Test Accuracy: 100.0%





array([[311,  35],
       [  7,  15]])



Test Accuracy: 88.6%

Untrained, XGBoost classifies the training data perfectly but is actually outperformed by LDA on the test data. I suspect a simple grid search would amerliorate this. First, however I want to compare the feature imporance in the two jobs.
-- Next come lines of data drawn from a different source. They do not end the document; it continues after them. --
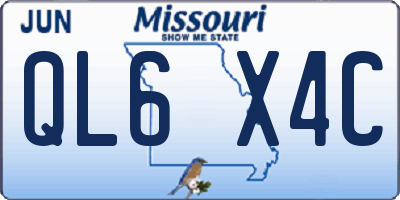 MO license plate QL6X4C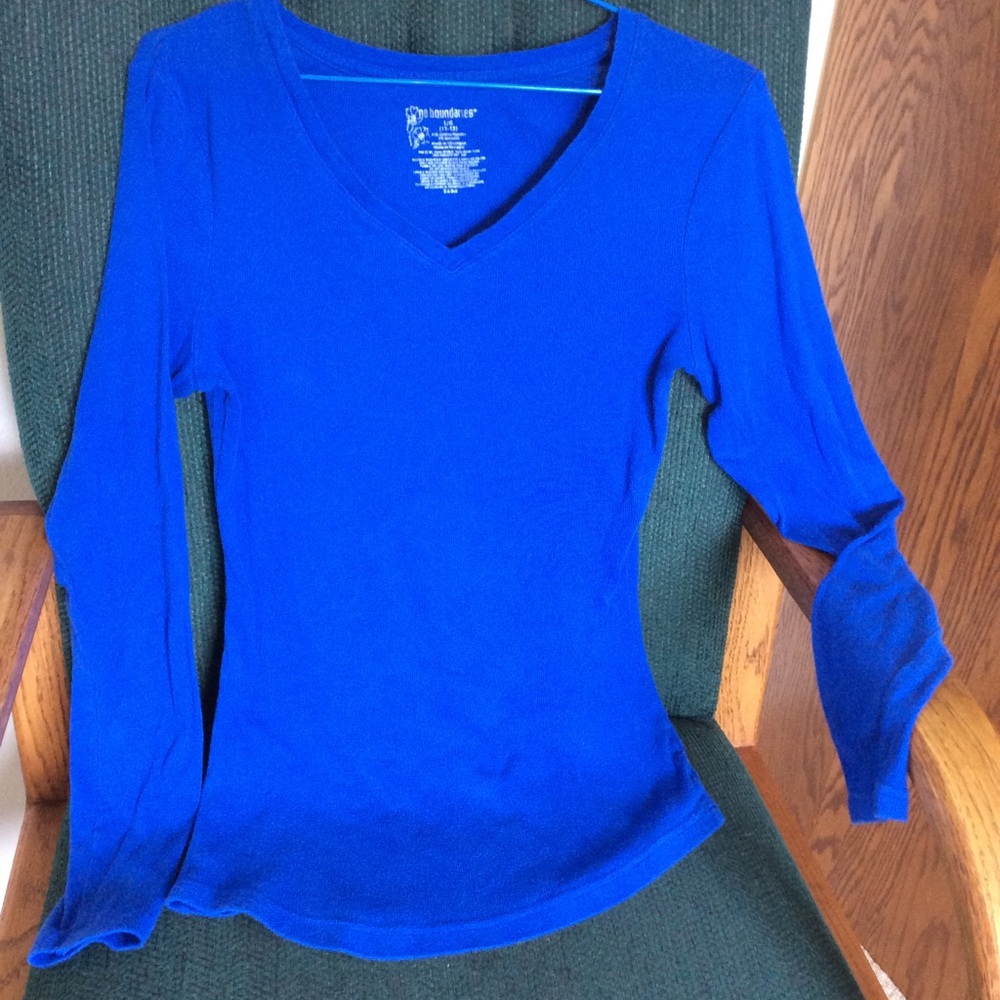 Royal Blue, Long Sleeve, No Boundaries Top! Large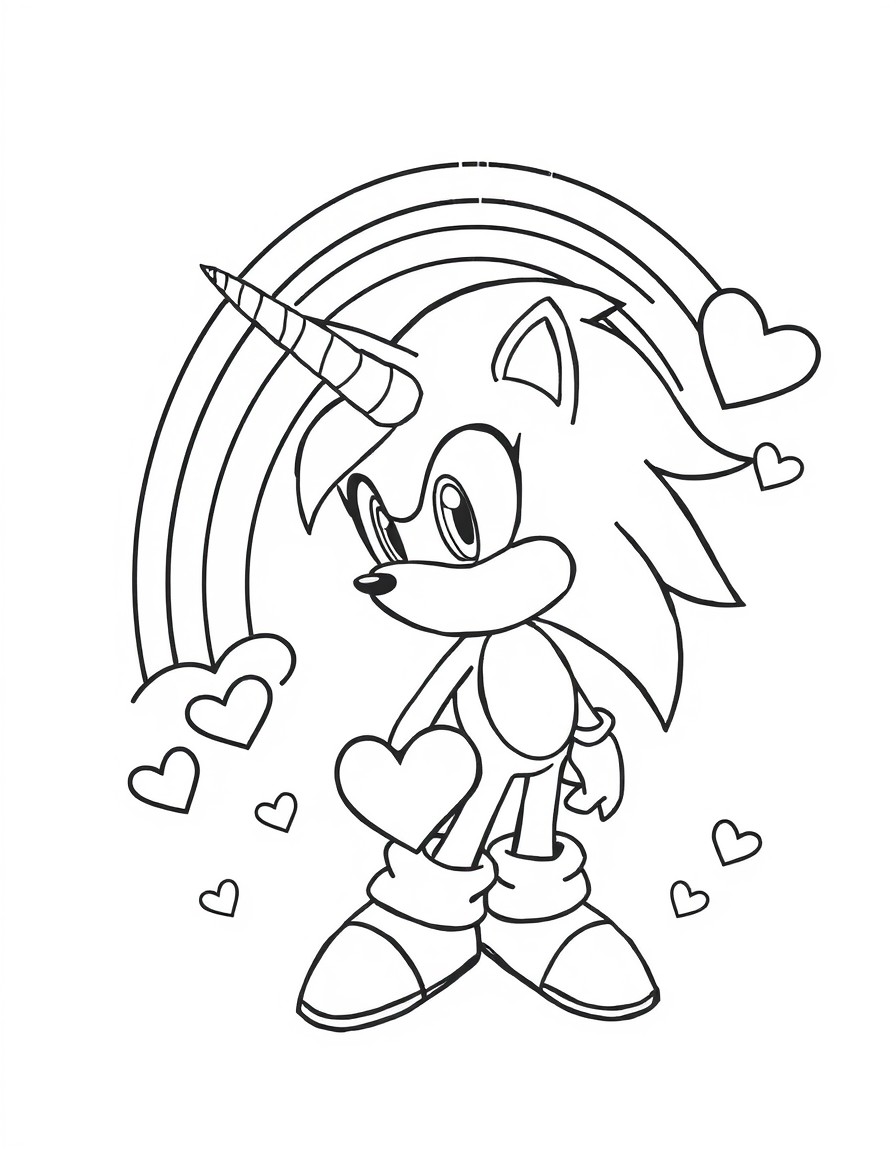 Please create a coloring page suitable for a 5-year-old girl. The page should include A rainbow A unicorn Sonic the Hedgehog A heart Make sure the drawing is simple, cute, and with clean black-an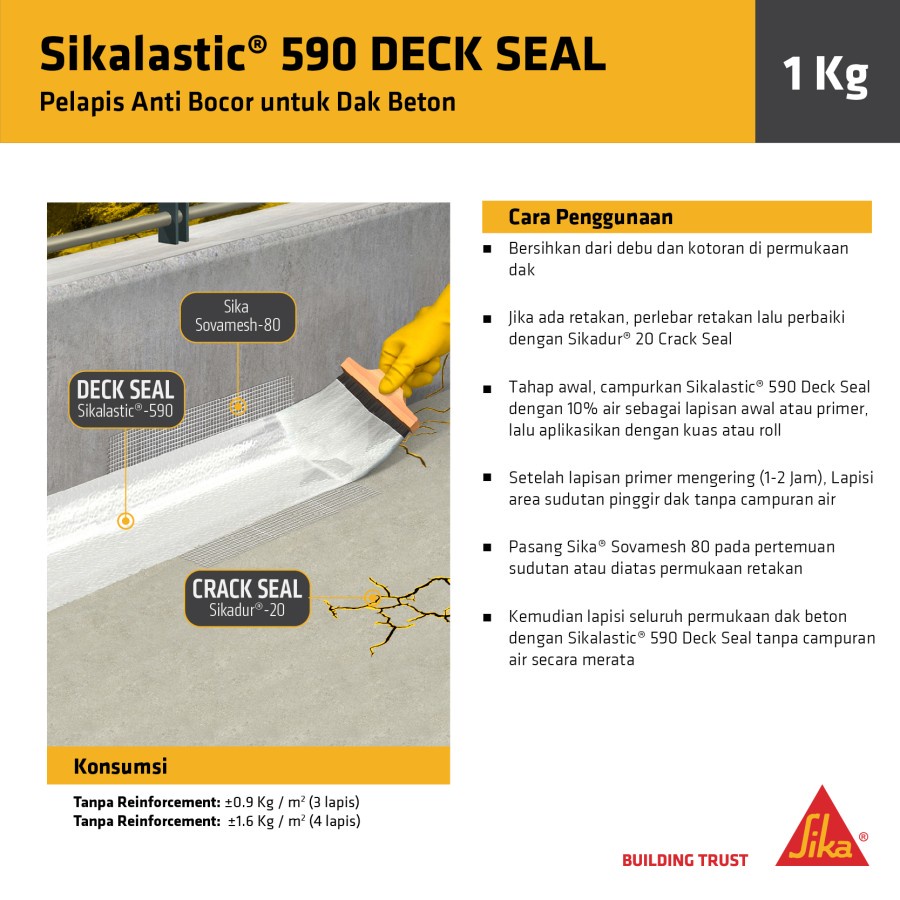 Sikalastic 590 Deck Seal Deckseal Waterproofing Anti Bocor Dak Beton Atap 1Kg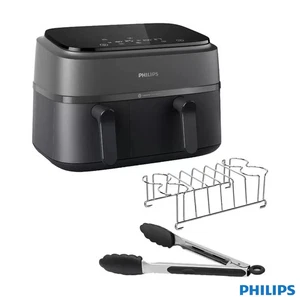 Philips 9L Dual Basket Air Fryer 3000 Series NA350/03 Black - Picture 1 of 8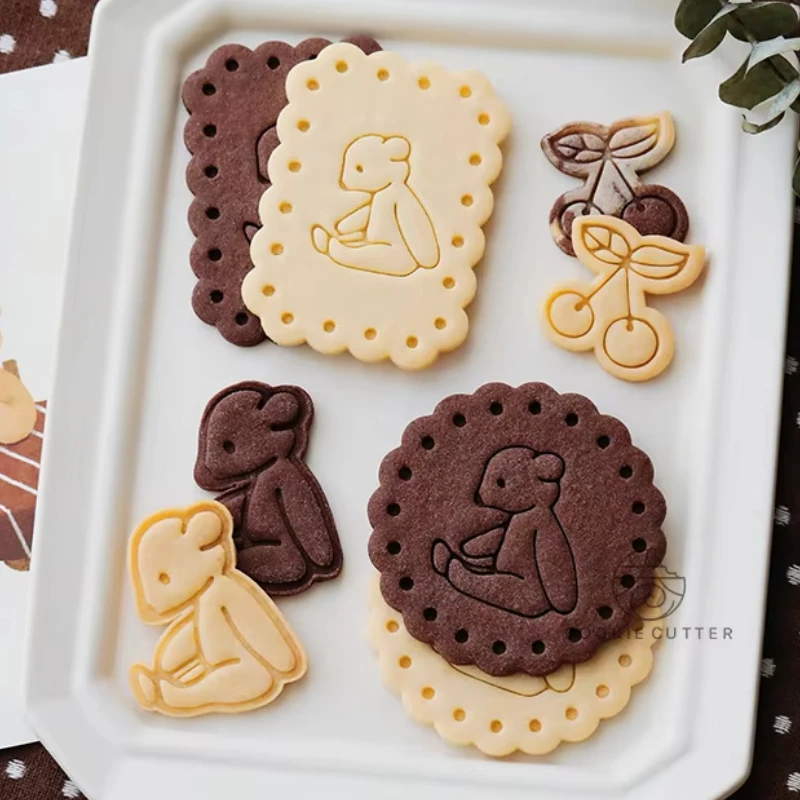 Scalloped Rectangle Round Sitting Bear Cookie Cutter & Stamp Cherry Shaped Biscuit Moulds DIY Fondant Cutting Mold Cake Supplies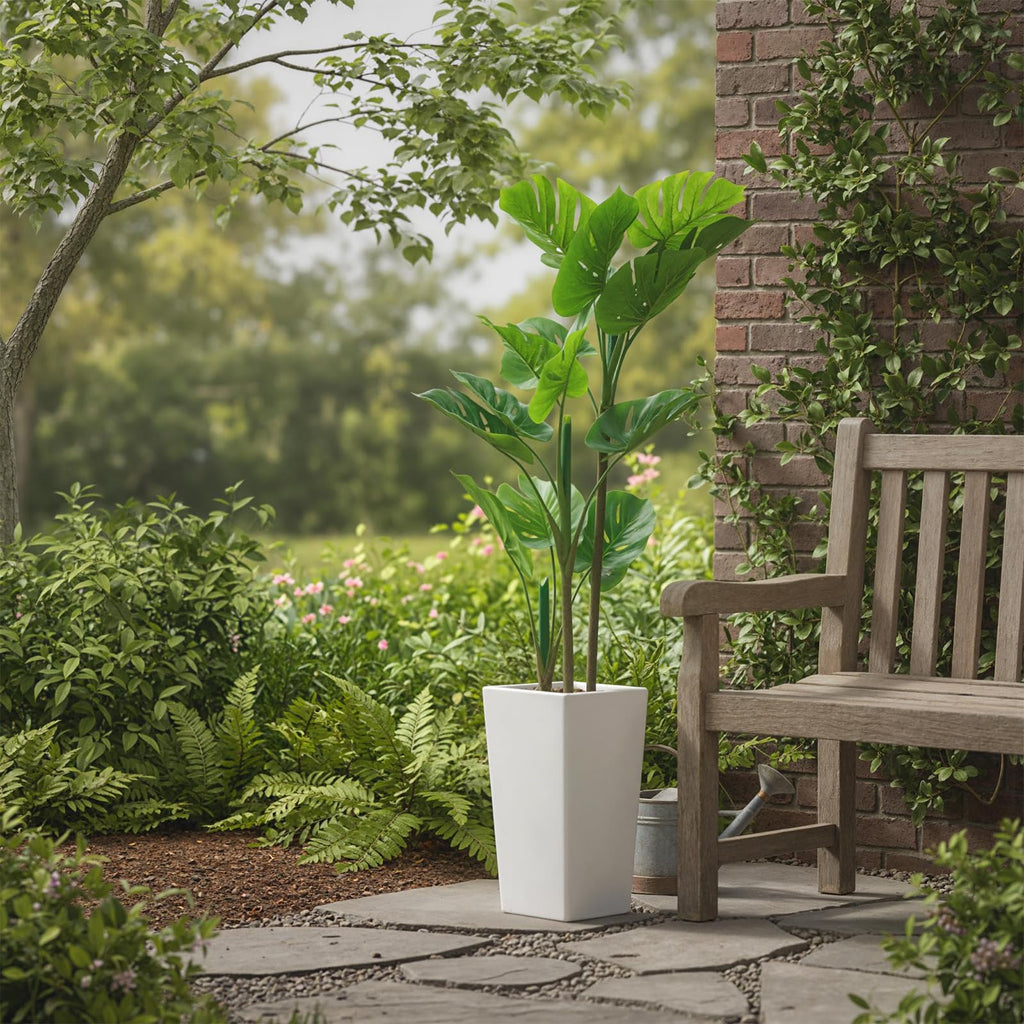 4.5FT Artificial Monstera Plant with White Tall Planter
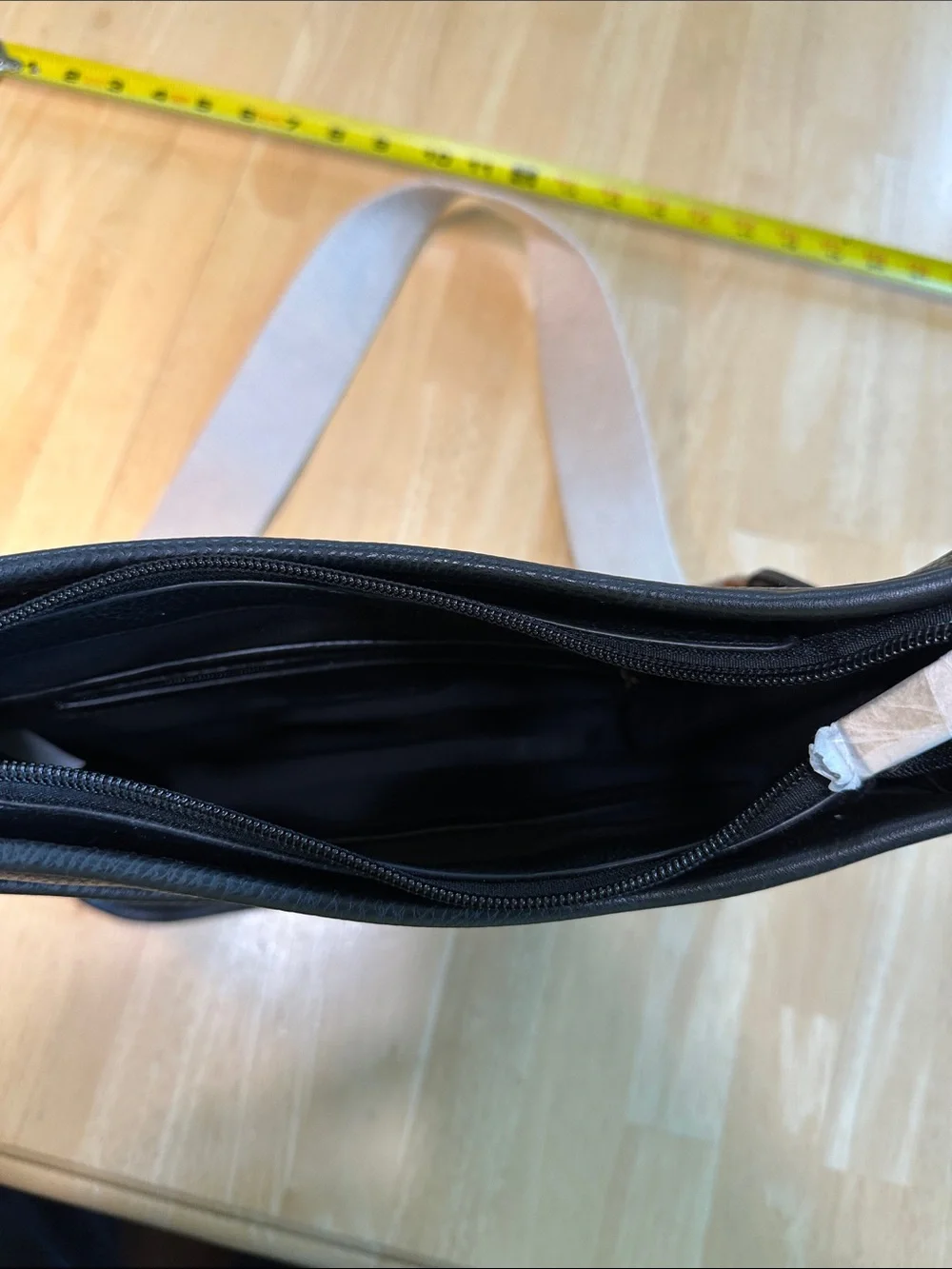 Metro Black Vegan Leather Crossbody with Patterned Strap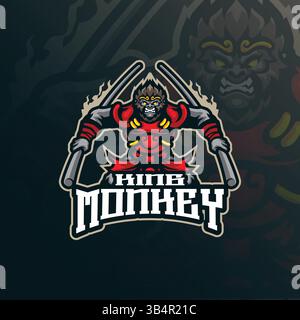 Design con logo della mascotte scimmietta con design moderno per la stampa di badge, stemmi e t shirt. Illustrazione del re delle scimmie per sport e esport Illustrazione Vettoriale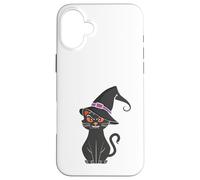 Black cat In Witch Hat Funny Halloween Witch Case for iPhone 16 Plus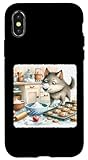 Coque pour iPhone X/XS Wolf Bakes Cookies In Messy Kitchen. Cuisson de la farine de biscuits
ax = plot_importance(model)
fig = ax.figure
fig.set_size_inches(10, 10)

lda_features

	Feature	Contribution
50	OverTime_Yes	0.507787
49	OverTime_No	-0.507787
4	EnvironmentSatisfaction	-0.491681
45	JobRole_Sales Representative	0.489383
11	NumCompaniesWorked	0.487821
8	JobSatisfaction	-0.445302
6	JobInvolvement	-0.417925
21	YearsSinceLastPromotion	0.389570
16	TotalWorkingYears	-0.380487
22	YearsWithCurrManager	-0.299832
48	MaritalStatus_Single	0.295092
18	WorkLifeBalance	-0.284870
2	DistanceFromHome	0.262430
0	Age	-0.254437
14	RelationshipSatisfaction	-0.252732
20	YearsInCurrentRole	-0.251739
41	JobRole_Manufacturing Director	-0.241343
24	BusinessTravel_Travel_Frequently	0.238570
23	BusinessTravel_Non-Travel	-0.219165
37	JobRole_Healthcare Representative	-0.215543
15	StockOptionLevel	-0.199956
43	JobRole_Research Scientist	-0.195798
19	YearsAtCompany	0.193145
17	TrainingTimesLastYear	-0.191518
39	JobRole_Laboratory Technician	0.184980
42	JobRole_Research Director	-0.179125
38	JobRole_Human Resources	0.176008
47	MaritalStatus_Married	-0.157675
29	EducationField_Human Resources	0.153075
27	Department_Research & Development	0.144829
34	EducationField_Technical Degree	0.144608
26	Department_Human Resources	-0.139333
46	MaritalStatus_Divorced	-0.137834
9	MonthlyIncome	0.136029
7	JobLevel	-0.122578
36	Gender_Male	0.105500
35	Gender_Female	-0.105500
44	JobRole_Sales Executive	0.094384
1	DailyRate	-0.091678
33	EducationField_Other	-0.090564
28	Department_Sales	-0.089418
12	PercentSalaryHike	-0.086685
32	EducationField_Medical	-0.086016
13	PerformanceRating	0.065262
25	BusinessTravel_Travel_Rarely	-0.056734
5	HourlyRate	-0.051925
31	EducationField_Marketing	0.049313
30	EducationField_Life Sciences	-0.031653
40	JobRole_Manager	-0.028730
3	Education	-0.025777
10	MonthlyRate	0.009458

Interestingly LDA shows the monthly and hourly rates having some of the lowest feature importance while XGBoost has them among the highest.